My grandfather on my mother's side was Walter ('Walt') Pankhurst (1892-1952), a chargehand at Manfield's shoe factory. During the war, he and my grandmother lived in Abington, having moved to Wheatfield Road South from Dover Street at some time around the start of the war.
He had had an allotment for many years, on which he grew vegetables and, in particular, marrows. He was very proud of his marrows, and often gave them away. I am sure there were too many for the immediate family to eat.
He died when I was five, but I remember distinctly over at least a couple of summers being shown marrows with my first name on them. I was fascinated by this evidence of the extraordinary powers of my grandfather, who was also no mean hand at card tricks and other 'magic' that fooled a five-year-old. Because of the magic, I also remember his nicotine-stained fingers. He was a heavy smoker, but in those days that was nothing out of the ordinary. He had only his thumb and two fingers on his right hand, the other fingers having been lost to a Turkish bullet in the Great War.

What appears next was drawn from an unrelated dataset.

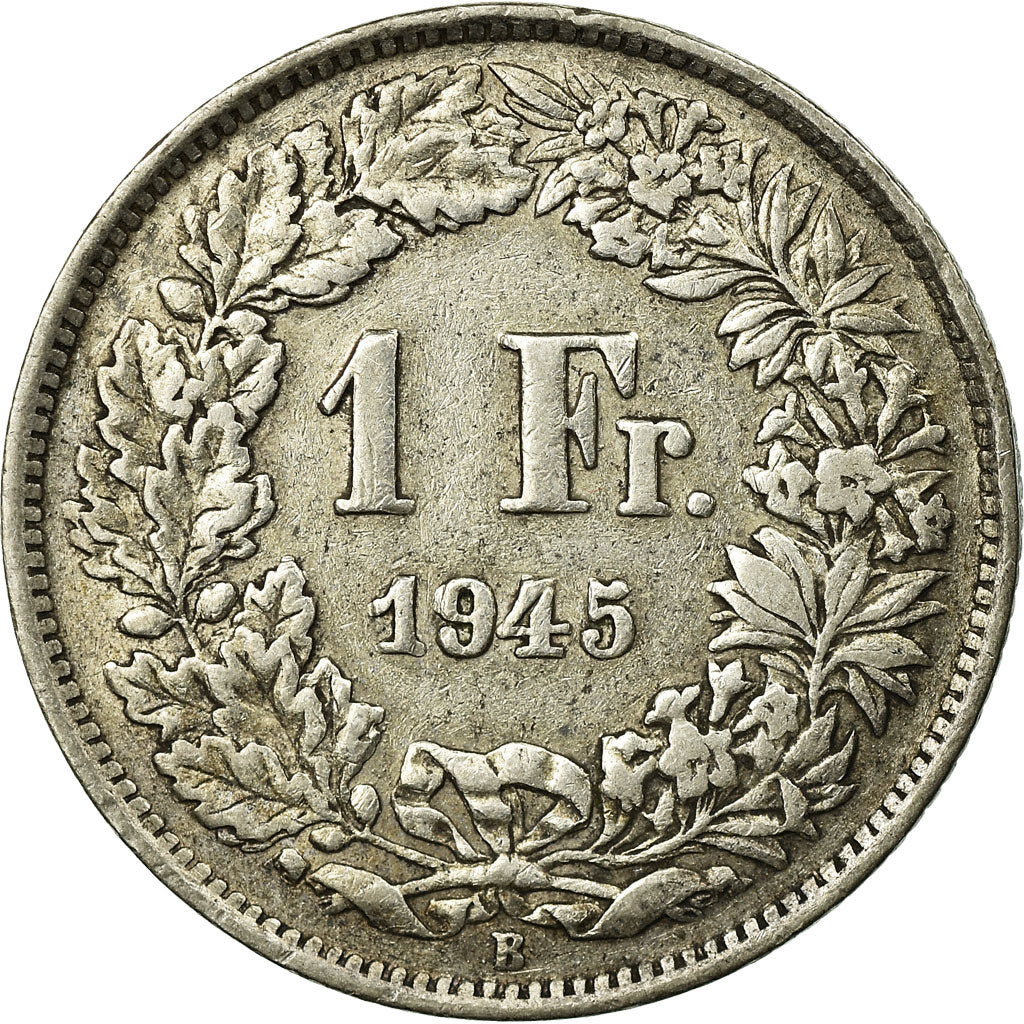 Coin, Switzerland, Franc, 1945, Bern, EF(40-45), Silver, KM:24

My father disliked marrow and my mother never cooked it at our house. Some years later, a neighbour gave her a marrow and when I saw it lying on the worktop in the kitchen I had my own Proustian moment when memories of my grandfather and his tricks flooded back. I asked her then about my name on the marrows.

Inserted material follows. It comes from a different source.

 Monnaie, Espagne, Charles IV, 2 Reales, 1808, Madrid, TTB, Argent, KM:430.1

The answer was rather a let-down but I suppose it was obvious. He scratched my name with a bodkin on the very young marrow, and as it grew, the name grew with it and became a large printed word on the side of the mature marrow. I was his first grandchild and I suppose his trick with my name was evidence of grandfatherly pride. He did not live to see any of his other grandchildren.
What has this to do with the war? The answer is, my grandfather's marrows were disappearing from the allotment. This had never happened before the war but it started in the dark days of 1940 or 1941. To begin with, he thought he might have miscounted, but after a time it became undeniable that they were being stolen. My grandfather was prepared to Dig for Victory but he was, to use his expression, "blowed if he was going to provide for them as don't grow it thisselves" (said my mother). I suppose he could have mounted an all-night vigil every night, but that must have seemed excessive for the sake of one marrow every few days. In the event, a friend and fellow marrow fancier showed him the trick of writing on the young marrow. After harvesting all the marrows that had reached a reasonable size, he inscribed the little ones that were left, and over the next few days continued to do so as new growths reached a certain size. His friend had said he would have to lose one more marrow.
And so it transpired. Two or three weeks later, when the marrows had swelled, he noticed that the biggest one had disappeared. Presumably the perpetrator pinched it after dark, took it home, and was embarrassed in front of his family when the inscription was seen on it.
My grandfather never lost another marrow.
I do not know where his allotment was, but when I went to his house and he was out, my grandmother would always say he was "down the lotment". Everyone spoke of "a lotment", "the lotment", never "an allotment" or "the allotment". I have a memory of having allotments in Billing Road pointed out to me - but that may be a false memory. Certainly, wherever it was, he would cycle there. It was being drenched in a summer storm while cycling home that brought on the pneumonia that swiftly killed him, but from a modern perspective, I cannot help thinking all those fags must have taken their toll.